Bridging the Gap Between Pandas and Spark
For many enterprises, data work awkwardly falls in the gap between one-node Pandas and a cluster of Spark. Teams are then left to decide between convenience and operational overhead as they evaluate that gap. Polars is hitting the middle, which is a compiled and vectorized engine with a path to scale up when data gets larger than one machine.
The approach is in line with the broader Arrow ecosystem and with open file formats such as Parquet, Iceberg, and Delta Lake. Polars can maintain performance in both dev and prod by natively reading columnar files efficiently and pushing down projections and filters to reduce I/O. The Python Developers Survey run by the PSF and JetBrains has consistently placed Pandas as one of the most popular tools; given Polars can provide a similar API with fewer feature compromises, there is an apparent adoption wedge.
How the Polars business plans to generate revenue
Open source adoption generates the top of the funnel, and Polars Cloud and enterprise features generate revenue. Anticipate paid plans that combine autoscaling, job orchestration, role-based access, and audit trails, as well as service-level agreements (SLAs), not to mention commercial support and consulting. That model reflects proven playbooks that companies have employed around PostgreSQL, Kafka, and Kubernetes: keep the core open source, but sell reliability, governance, and scale.
For data leaders, the appeal is practical. If a team can replace tens of CPU-hours on legacy pipelines with minutes on an even cheaper/smaller cluster (or even just one beefy node), the cost savings and developer productivity gains accrue rapidly. Clear migration paths from Pandas, along with straightforward connectors to object storage and data catalogs, will be paramount in turning that promise into contracts.
What Accel is betting on with Polars and its future
Accel partner Zhenya Loginov led the round, staking its faith that Polars can convert grassroots developer love into an enterprise platform. Investors often say that “rewritten in Rust” isn’t a moat on its own; what’s special here is the clean progression from local notebooks to managed clusters without changing paradigms. Bain Capital Partners’ continued involvement reflects the conviction that the market goes beyond single-node analytics.

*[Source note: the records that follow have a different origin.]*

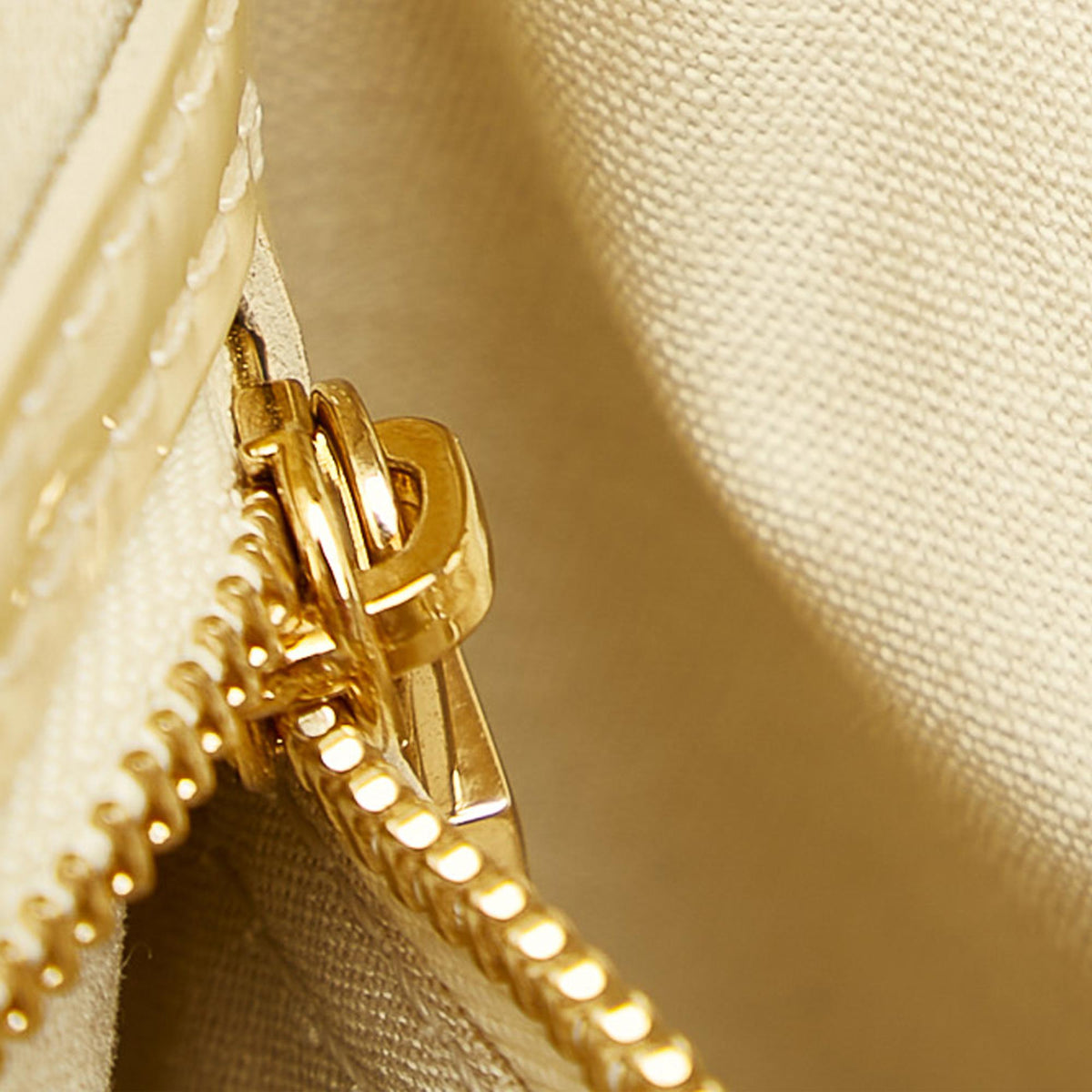 Louis Vuitton Vernis Wilshire PM - image 12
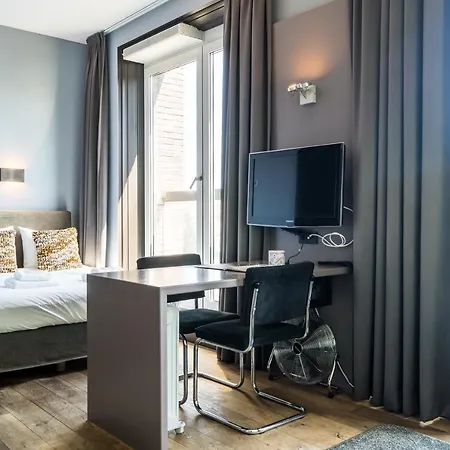 Mosaic Apartment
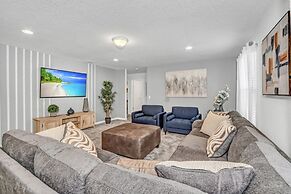 Luxury Home 7 Bedrooms Near Disney! 7 Villa by RedAwning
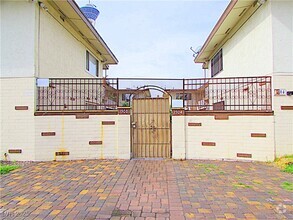 Building Photo - 1908 Rexford Dr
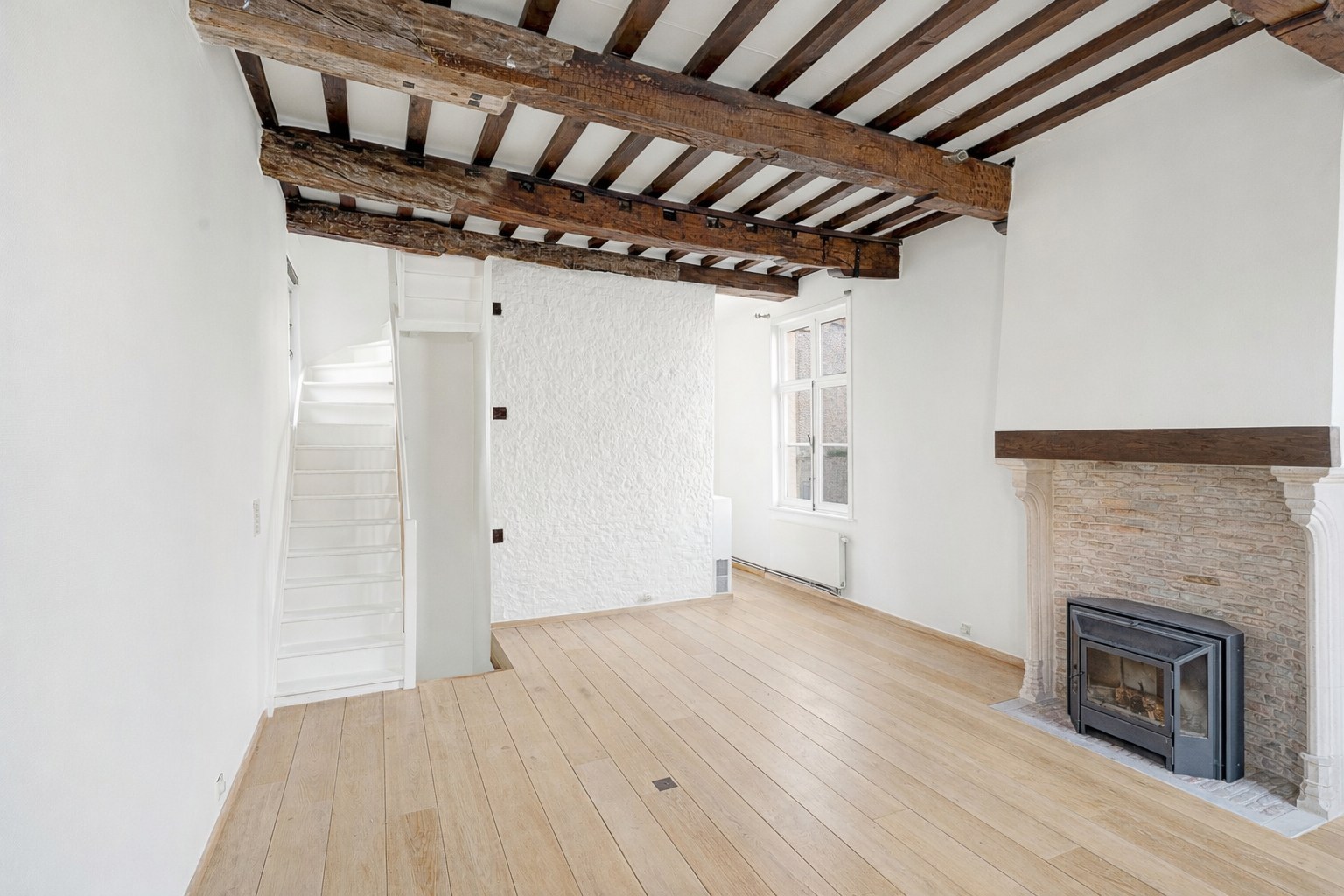 Charmante woning aan het Sint-Annaplein te Brugge - foto 2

If Polars Distributed runs well on petabyte-scale workloads, and if Cloud is a low-friction experience, then the market expands to teams who today end up with Spark by default due to its historical inertia rather than it necessarily being an optimal solution. Spark is a big chunk of the modern data stack.
Outlook and next steps for Polars Cloud and Distributed
The new capital will support hiring for its engineering and developer relations team, the hardening of the distributed scheduler, and expanding support for Arrow-native formats and cloud object store integrations. Look for more benchmarks against Spark and DuckDB on mixed workloads, plus enterprise guardrails to appease security teams.
It was the momentum around open source that brought Polars into existence. Turning that momentum into a lasting business now depends on the ease with which speed can be achieved at scale — such that a workflow started with a DataFrame on a laptop ends with governed, reliable analytics for the biggest datasets, no rewrites necessary.